As discussed earlier, deduplication is not free. There is always trade-off between cluster resource consumption (CPU, memory, disk), the potential for data fragmentation and the benefit of increased space efficiency.
- Since deduplication trades cluster performance for storage capacity savings, SmartDedupe is not ideally suited for heavily trafficked data, or high-performance workloads.
- Depending on an application’s I/O profile and the effect of deduplication on the data layout, read and write performance and overall space savings can vary considerably.
- SmartDedupe will not permit block sharing across different hardware types or node pools to reduce the risk of performance asymmetry.
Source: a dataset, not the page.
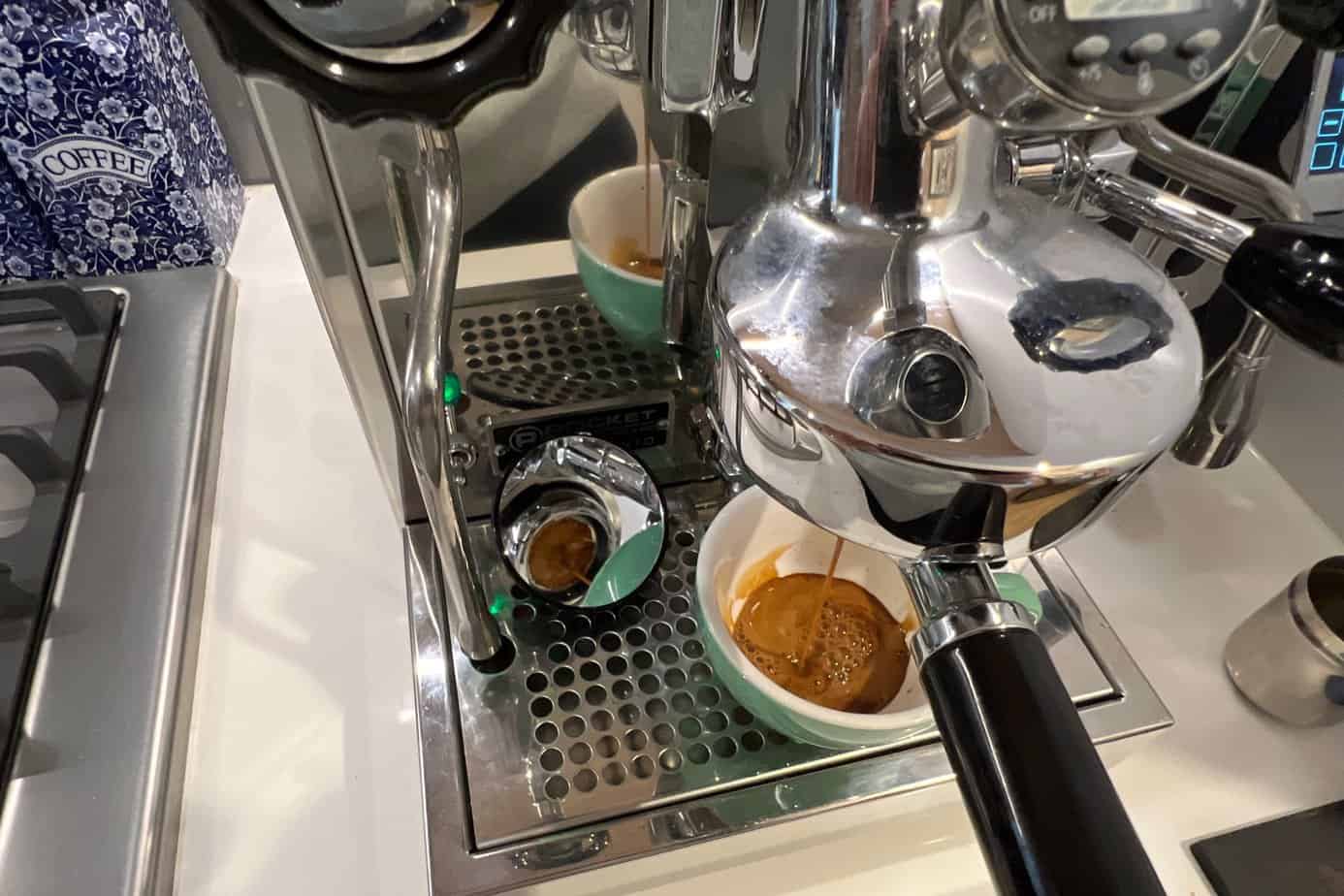 Espresso mirror showing extraction Espresso mirror showing extraction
- SmartDedupe will not share blocks across files with different protection policies applied.
- OneFS metadata, including the deduplication index, is not deduplicated.
- Deduplication is a long running process that involves multiple job phases that are run iteratively.
- SmartDedupe will not attempt to deduplicate files smaller than 32KB in size.
- Dedupe job performance will typically improve significantly on the second and subsequent job runs, once the initial index and the bulk of the shadow stores have already been created.
- SmartDedupe will not deduplicate the data stored in a snapshot. However, snapshots can certainly be created of deduplicated data.
- If dedupe is enabled on a cluster that already has a significant amount of data stored in snapshots, it will take time before the snapshot data is affected by deduplication. Newly created snapshots will contain deduplicated data, but older snapshots will not.
- SmartDedupe deduplicates common blocks within the same file, resulting in even better data efficiency.
- In general, additional capacity savings may not warrant the overhead of running SmartDedupe on node pools with inline deduplication enabled.
- Deduplication of data contained within a writable snapshot is not supported in OneFS 9.3 and later.